Extracted entries –
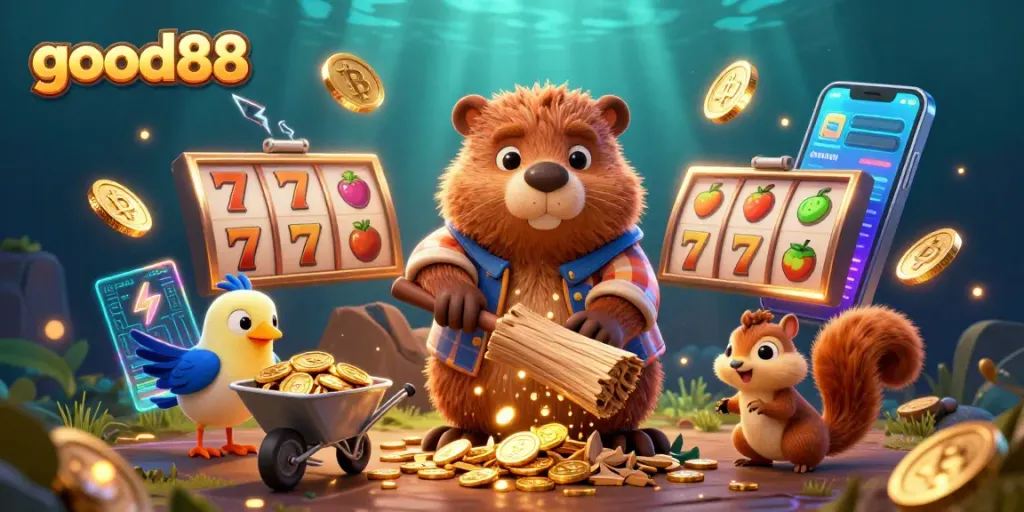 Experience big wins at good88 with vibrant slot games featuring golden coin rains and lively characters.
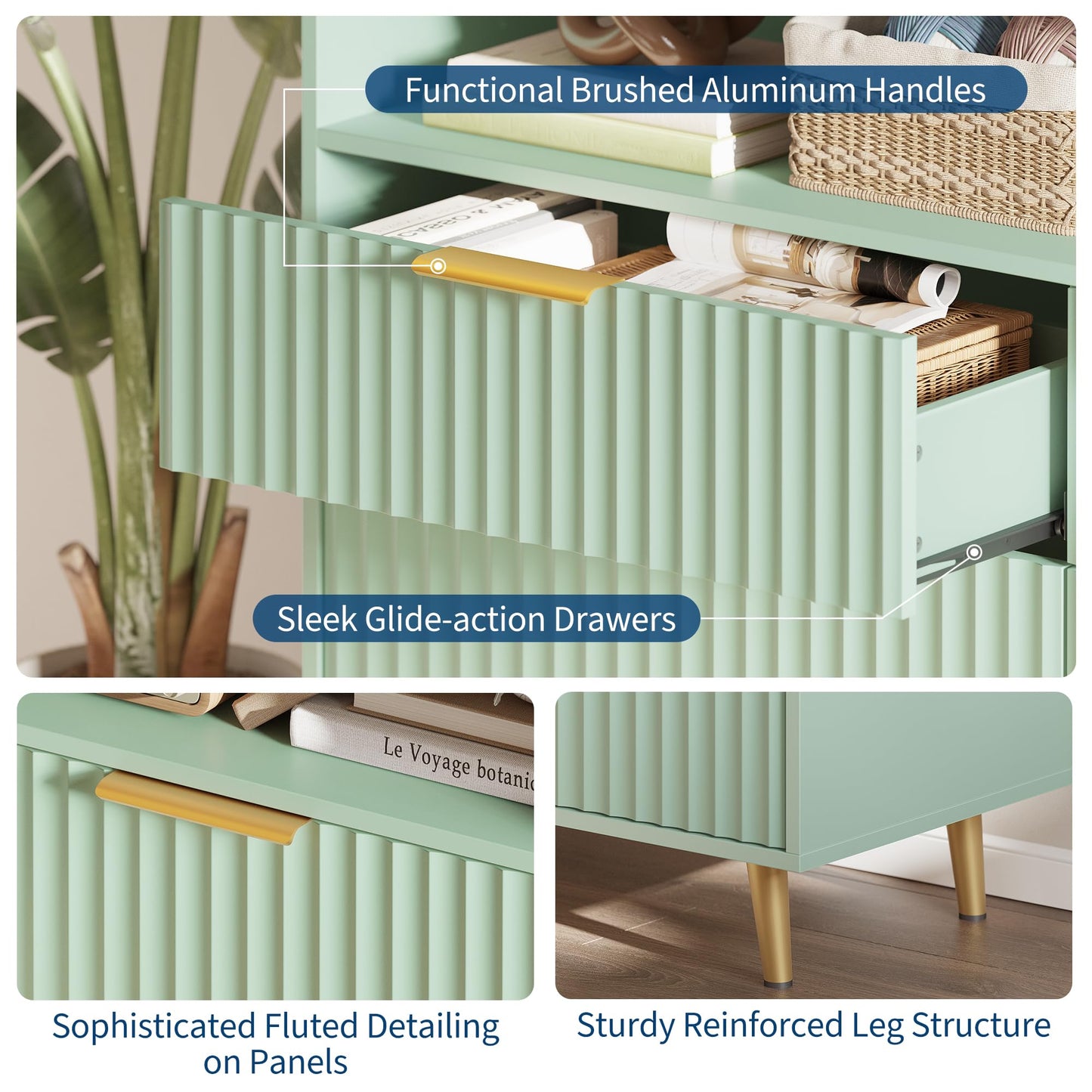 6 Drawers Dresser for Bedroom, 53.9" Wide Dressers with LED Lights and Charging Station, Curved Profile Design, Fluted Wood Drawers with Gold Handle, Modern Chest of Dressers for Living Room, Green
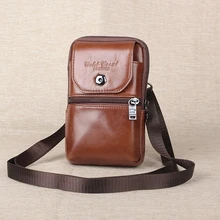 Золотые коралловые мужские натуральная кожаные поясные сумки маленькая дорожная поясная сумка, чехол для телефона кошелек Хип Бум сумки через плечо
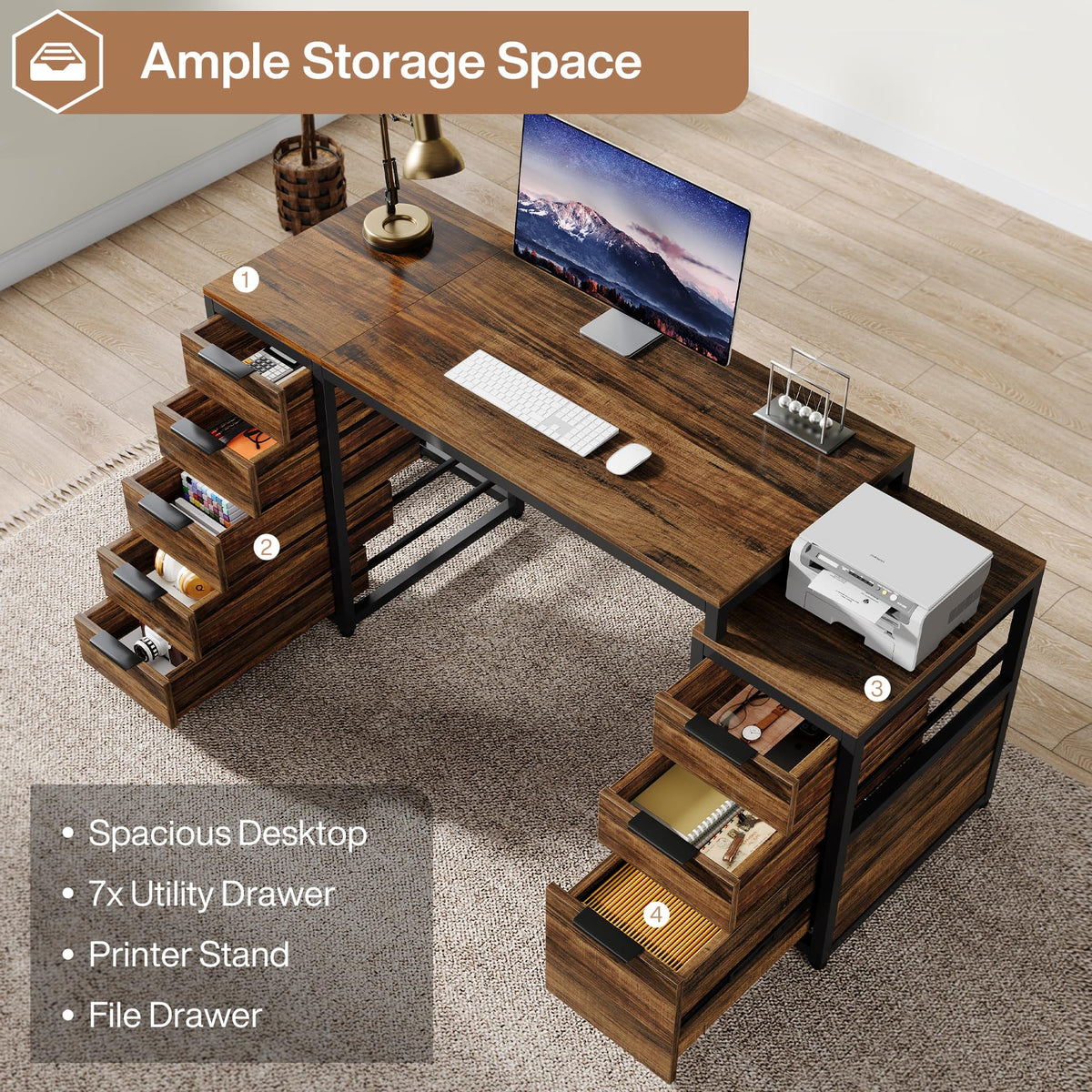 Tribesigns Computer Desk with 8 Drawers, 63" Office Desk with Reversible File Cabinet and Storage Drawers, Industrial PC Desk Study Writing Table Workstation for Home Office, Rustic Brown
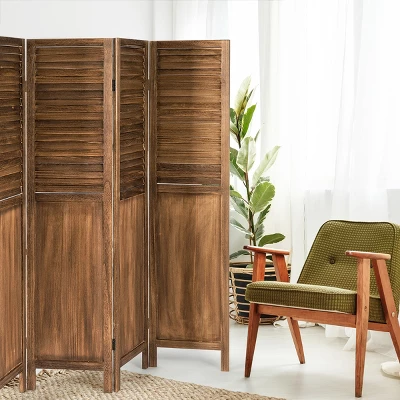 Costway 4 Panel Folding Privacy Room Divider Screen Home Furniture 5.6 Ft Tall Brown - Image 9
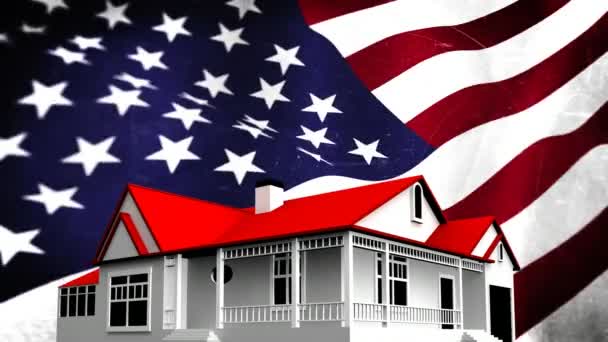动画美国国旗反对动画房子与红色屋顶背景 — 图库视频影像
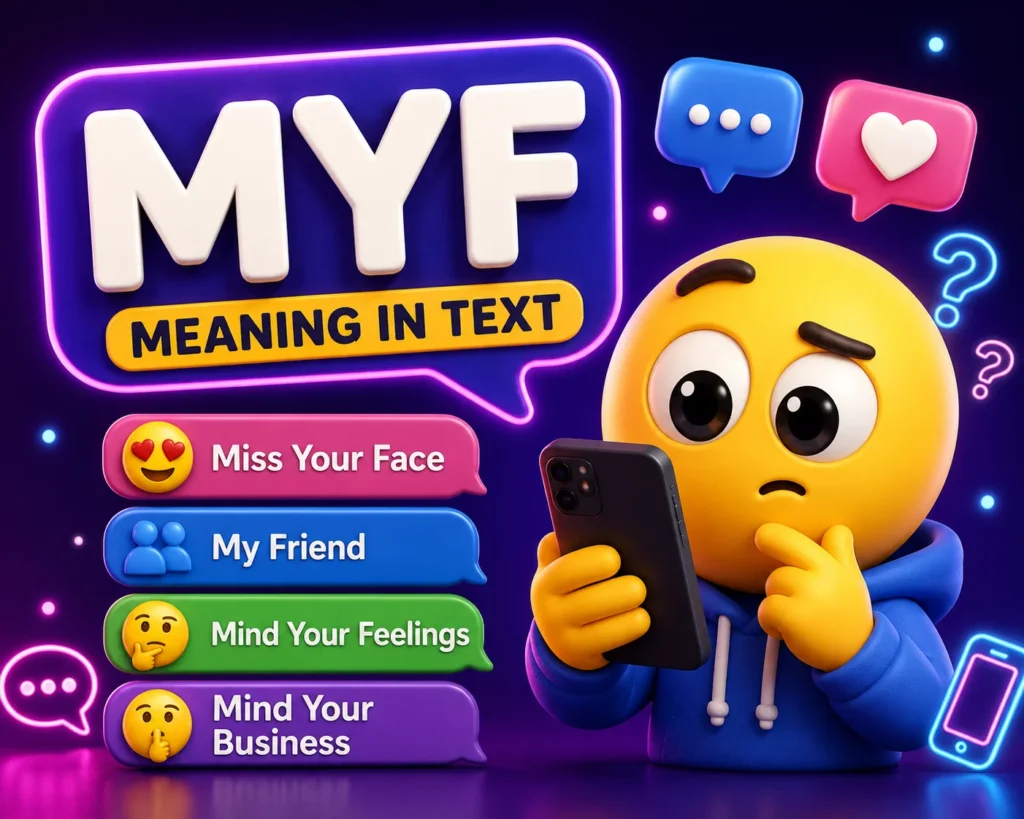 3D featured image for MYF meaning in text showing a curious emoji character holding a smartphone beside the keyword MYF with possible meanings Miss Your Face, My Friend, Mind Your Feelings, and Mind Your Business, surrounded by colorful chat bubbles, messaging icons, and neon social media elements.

* * *

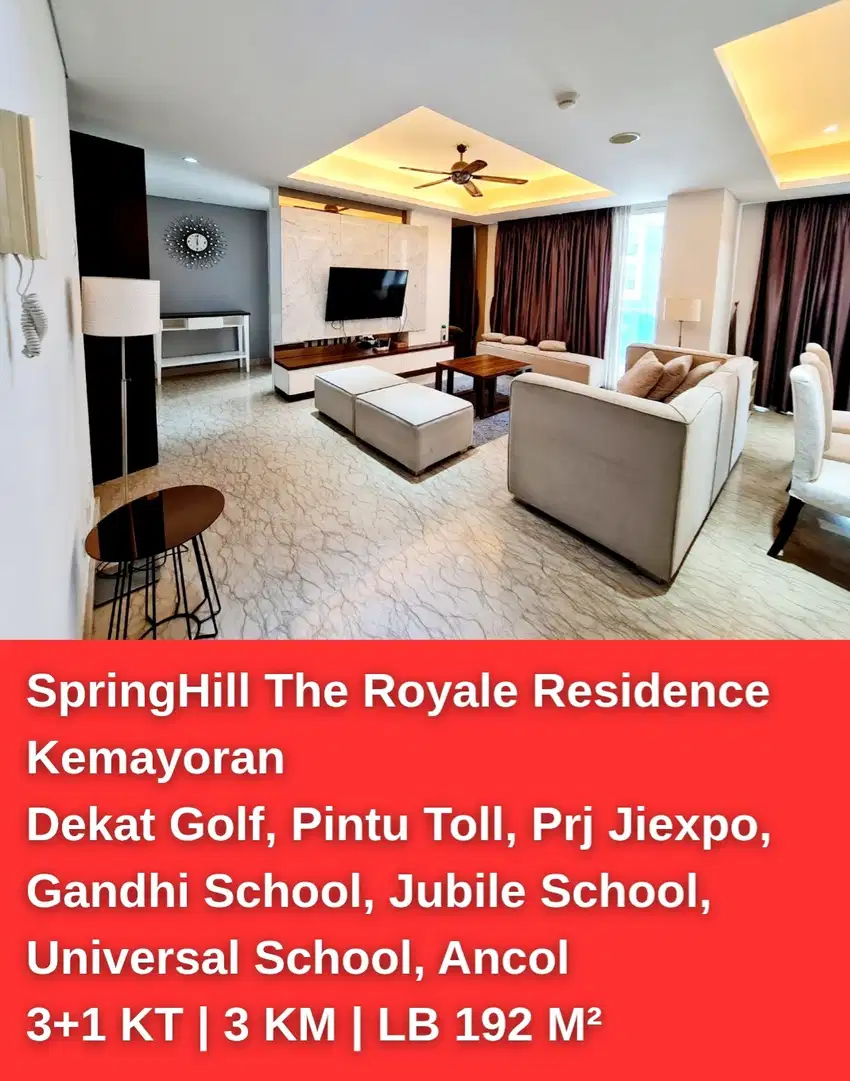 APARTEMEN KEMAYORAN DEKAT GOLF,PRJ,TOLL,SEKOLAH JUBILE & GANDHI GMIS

Exercise details – Leaving out all pictures, set down exactly the lines of the material above, from the line with "Золотые коралловые мужские" to the line with "3D featured image" inclusive, and no others.

Result of the task –
 Золотые коралловые мужские натуральная кожаные поясные сумки маленькая дорожная поясная сумка, чехол для телефона кошелек Хип Бум сумки через плечо
 Tribesigns Computer Desk with 8 Drawers, 63" Office Desk with Reversible File Cabinet and Storage Drawers, Industrial PC Desk Study Writing Table Workstation for Home Office, Rustic Brown
 Costway 4 Panel Folding Privacy Room Divider Screen Home Furniture 5.6 Ft Tall Brown - Image 9
动画美国国旗反对动画房子与红色屋顶背景 — 图库视频影像
 3D featured image for MYF meaning in text showing a curious emoji character holding a smartphone beside the keyword MYF with possible meanings Miss Your Face, My Friend, Mind Your Feelings, and Mind Your Business, surrounded by colorful chat bubbles, messaging icons, and neon social media elements.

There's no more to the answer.